これはもう語る必要はないですね。夜景、そして満点の星空がそこに待っています。それは地区地域で大きく異なりますが、実際に体験した人間にとっては、どの景色もきっと素晴らしいものに映ることだと思います。

 

その瞬間の眺望は苦労を吹き飛ばし、そして人に新しい感動と、そしてイマジネーションの精神、敬虔さ、謙虚さを与えるに十分なものがあります。ただの一つの風景、確かにそうかもしれませんが、普段と異なる精神状況で、そして見る頻度も多くないものだとしたら、その印象は全てが異なるものになることでしょう。

 

 

夜の山を歩いて得られるもの_ナイトハイク~まとめ~

私も生きる中で、そこそこ色んな経験をして来ました。もちろん怖いことも辛いこともあります。それでも、月の出ていない、夜の深い時間に一人静かに高い山を登ることを考えると、思わず身震いしてしまいます。

 

ましてや、その山が普段は誰も登らないような僻地であれば猶更です。
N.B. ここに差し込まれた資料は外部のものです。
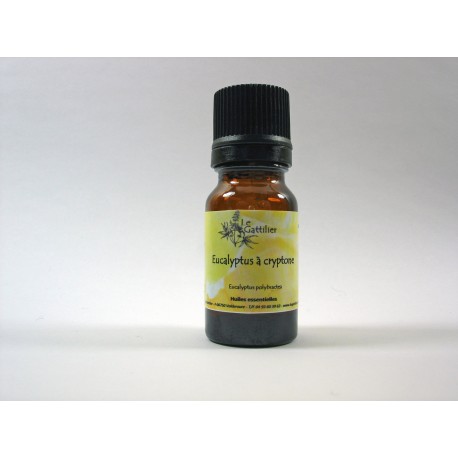 Eucalyptus à cryptone 5ml HE Eucalyptus à cryptone 5ml HE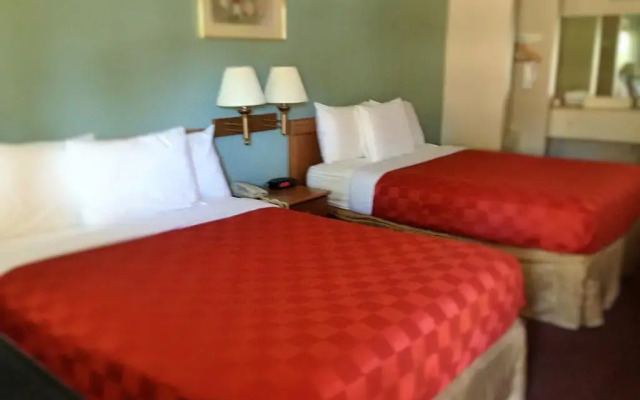 Olive Tree inn & Suites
色々なことを感じて生きていくのは、人生を豊かにすると個人的に思っていますが、しかし限度というものはあります。

 

その中で、ごくごく安全な環境で、そして複数人で(一人で登るのはやっぱり危険です)、静かに精神を研ぎ澄ませながら、ひっそりと山を登るというのは、とても魅力的な体験だと思います。

 

何かを変えたい、閉塞感がある。そういう時に、ふっと、くどいようですが安全を確保した上でナイトハイクを楽しまれてみてはいかがでしょうか。

 

以上、最後までお読みいただきありがとうございます。当記事が何らかの参考になりましたら幸いです。